Exercise instructions: Repeat the data in full. Drop every picture.

Data section:
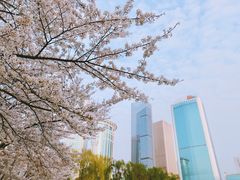 -西北湖绿化广场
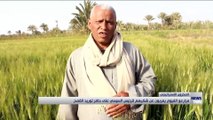 مزارعو الفيوم يعربون عن شكرهم للرئيس السيسي على حافز توريد القمح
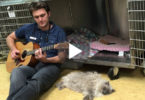 Vet Sings To This Cat To Calm Her Down Before Surgery ! WoW ! This Is Wonderful !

Answer section:
 -西北湖绿化广场
 مزارعو الفيوم يعربون عن شكرهم للرئيس السيسي على حافز توريد القمح
 Vet Sings To This Cat To Calm Her Down Before Surgery ! WoW ! This Is Wonderful !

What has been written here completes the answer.